From 900f926217cdaee41a9621999d86544c25ca9cb9 Mon Sep 17 00:00:00 2001
From: zschira <zach.schira@catalyst.coop>
Date: Tue, 28 Jan 2025 18:24:17 -0500
Subject: [PATCH] Add sec10k metadata directly in PUDL

---
 src/pudl/analysis/pudl_models.py |  18 +-----
 src/pudl/io_managers.py          |  14 +----
 src/pudl/metadata/classes.py     |  48 +--------------
 src/pudl/metadata/fields.py      | 101 +++++++++++++++++++++++++++++++
 4 files changed, 108 insertions(+), 73 deletions(-)

diff --git a/src/pudl/analysis/pudl_models.py b/src/pudl/analysis/pudl_models.py
index 117fcc5d38..388d61848c 100644
--- a/src/pudl/analysis/pudl_models.py
+++ b/src/pudl/analysis/pudl_models.py
@@ -3,12 +3,10 @@
 import os
 
 import pandas as pd
-import pyarrow as pa
 from dagster import AssetsDefinition, asset
-from deltalake import DeltaTable
 
 
-def get_model_tables() -> list[str]:
+def _get_model_tables() -> list[str]:
     """Return all tables produced by PUDL models or empty list if env variable not set."""
     pudl_models_tables = []
     if os.getenv("USE_PUDL_MODELS"):
@@ -35,21 +33,11 @@ def pudl_models_asset_factory(table_name: str) -> AssetsDefinition:
         group_name="pudl_models",
     )
     def _asset() -> pd.DataFrame:
-        return DeltaTable(_get_table_uri(table_name)).to_pandas()
+        return pd.read_parquet(_get_table_uri(table_name))
 
     return _asset
 
 
 def get_pudl_models_assets() -> list[AssetsDefinition]:
     """Generate a collection of assets for all PUDL model tables."""
-    return [pudl_models_asset_factory(table) for table in get_model_tables()]
-
-
-def get_model_table_schemas() -> list[str, str, pa.Schema]:
-    """Return pyarrow schemas for all PUDL models tables."""
-    dts = [DeltaTable(_get_table_uri(table_name)) for table_name in get_model_tables()]
-
-    return [
-        (dt.metadata().name, dt.metadata().description, dt.schema().to_pyarrow())
-        for dt in dts
-    ]
+    return [pudl_models_asset_factory(table) for table in _get_model_tables()]

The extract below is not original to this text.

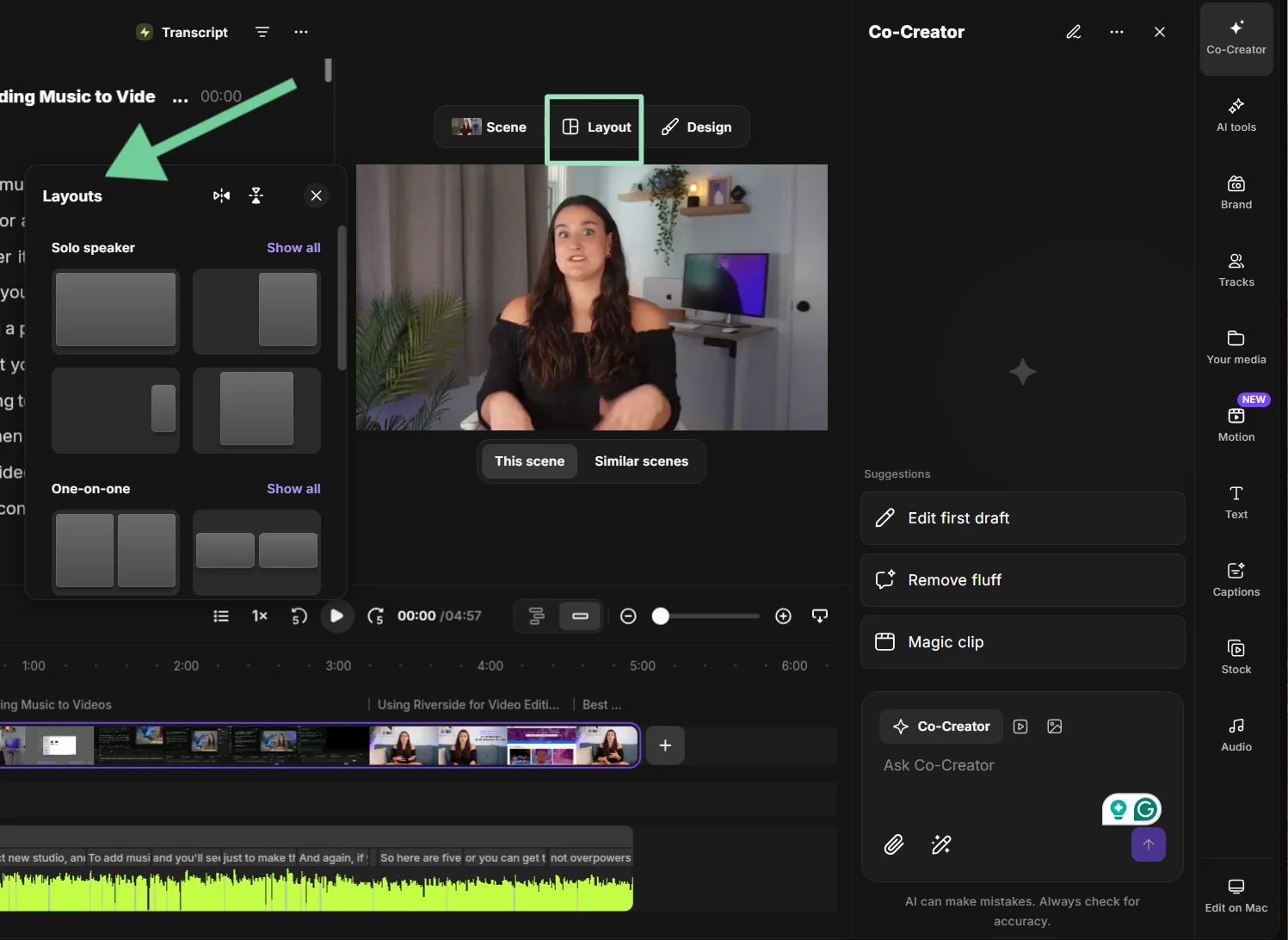 Selecting layouts inside Riverside's editor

diff --git a/src/pudl/io_managers.py b/src/pudl/io_managers.py
index 266ff747b1..3ffca3fe26 100644
--- a/src/pudl/io_managers.py
+++ b/src/pudl/io_managers.py
@@ -25,7 +25,6 @@
 from upath import UPath
 
 import pudl
-from pudl.analysis.pudl_models import get_model_tables
 from pudl.metadata.classes import PUDL_PACKAGE, Package, Resource
 from pudl.workspace.setup import PudlPaths
 
@@ -322,22 +321,13 @@ def load_input(self, context: InputContext) -> pd.DataFrame:
 class PudlParquetIOManager(IOManager):
     """IOManager that writes pudl tables to pyarrow parquet files."""
 
-    def _get_table_resource(self, table_name: str) -> Resource:
-        """Return resource class for table."""
-        if table_name not in get_model_tables():
-            res = Resource.from_id(table_name)
-        else:
-            # For tables coming from PUDL modelling repo just use already parsed resource metadata
-            [res] = [r for r in PUDL_PACKAGE.resources if r.name == table_name]
-        return res
-
     def handle_output(self, context: OutputContext, df: Any) -> None:
         """Writes pudl dataframe to parquet file."""
         assert isinstance(df, pd.DataFrame), "Only panda dataframes are supported."
         table_name = get_table_name_from_context(context)
         parquet_path = PudlPaths().parquet_path(table_name)
         parquet_path.parent.mkdir(parents=True, exist_ok=True)
-        res = self._get_table_resource(table_name)
+        res = Resource.from_id(table_name)
 
         df = res.enforce_schema(df)
         schema = res.to_pyarrow()
@@ -355,7 +345,7 @@ def load_input(self, context: InputContext) -> pd.DataFrame:
         """Loads pudl table from parquet file."""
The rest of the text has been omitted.